I've been thinking about writing an article which sums up what are the main differences between followers of Jesus and systemites.  Certainly over the years we must have made dozens of references to this, in particular, with regard to what causes some followers of Jesus to backslide, while others do not.

Maybe it's just my feeble old brain, but at the moment, the only thing I can think of is that systemites resist criticism with regard to their morality, whereas followers of Jesus try to stay open to criticism with regard to their morality.
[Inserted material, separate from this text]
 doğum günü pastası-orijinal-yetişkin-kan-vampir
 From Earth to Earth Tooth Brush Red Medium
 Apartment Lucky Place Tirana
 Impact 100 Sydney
The reason I've worded it that way is because I think that systemites do accept criticism (and practice self-discipline) within certain limits.  They may try to meet certain standards in their occupation.  They try to improve skills such as cooking, sports, and craftsmanship.  And they may even tolerate the occasional hint that their ethics need some adjustments.  However, it doesn't take very much at all for friends to be jettisoned if they probe too deeply into the morality of their associates.
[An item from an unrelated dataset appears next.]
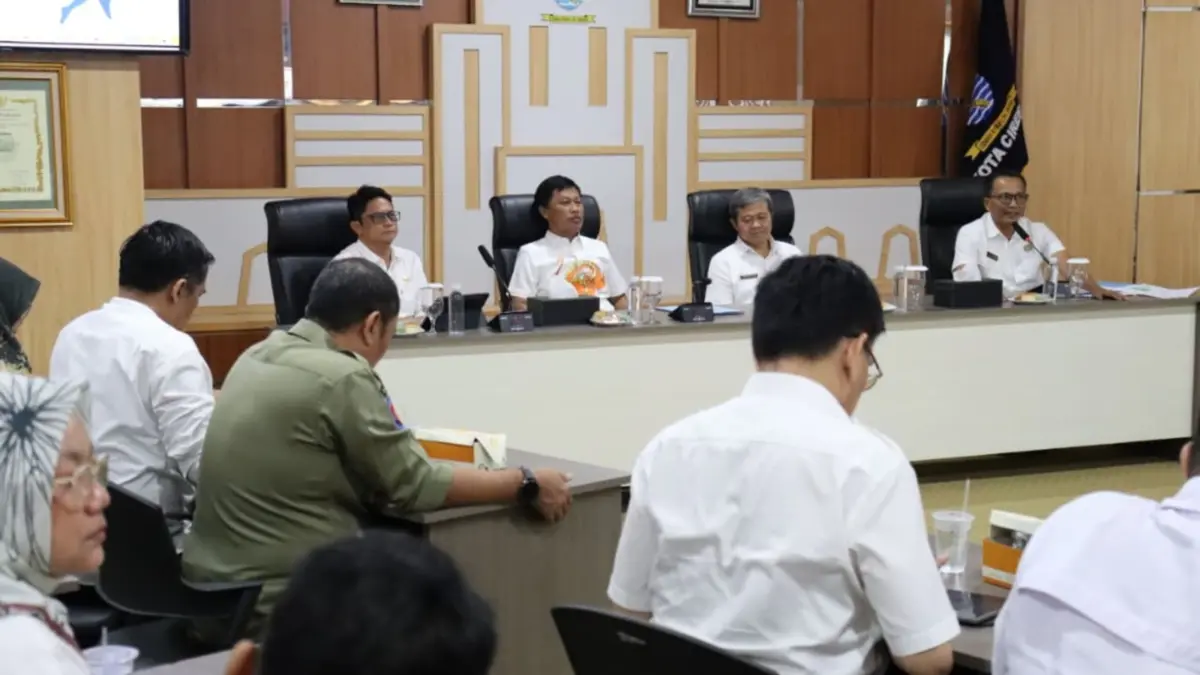 Jadi Tuan Rumah, Kota Cirebon Bentuk Panitia Porsenitas XIII 2026 Pemkot Cirebon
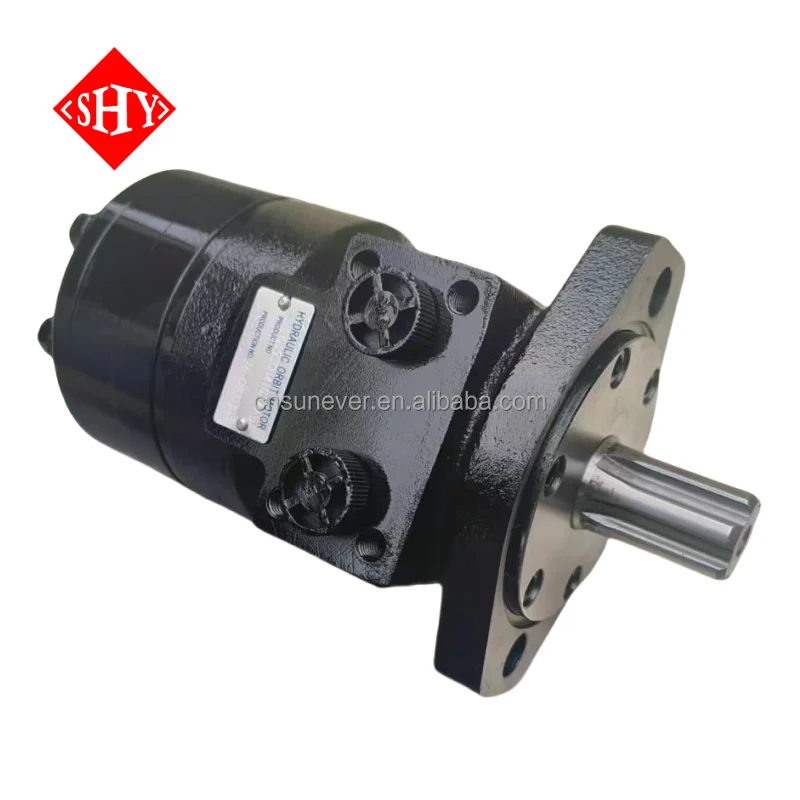 Orbital Hydraulic Motor TE Series TE0100CW260AAXC TE0100CW260BBCN TE0100CW260BBCP TE0100CW260BBFZ TE0100CW260FSAA TE0100CW260LAAY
Amongst Christians, on the other hand, we are given clear instructions about dealing with a brother or sister who has been caught in a fault.  As Jesus Christians, we used to call these instructions "grievance meetings".  Ideally, you just spoke personally to the person whom you thought was doing something wrong, and they took the criticism to heart and at least tried to change.

But imagine if you were to do that with your friends in the world.  As I said above, you might be able to hint, for example, that an associate at work should stop beating his wife; but if you push it too far, you will neither change the associate, nor keep the friendship.  After one or two hints, most of us just pull our neck in and "butt out".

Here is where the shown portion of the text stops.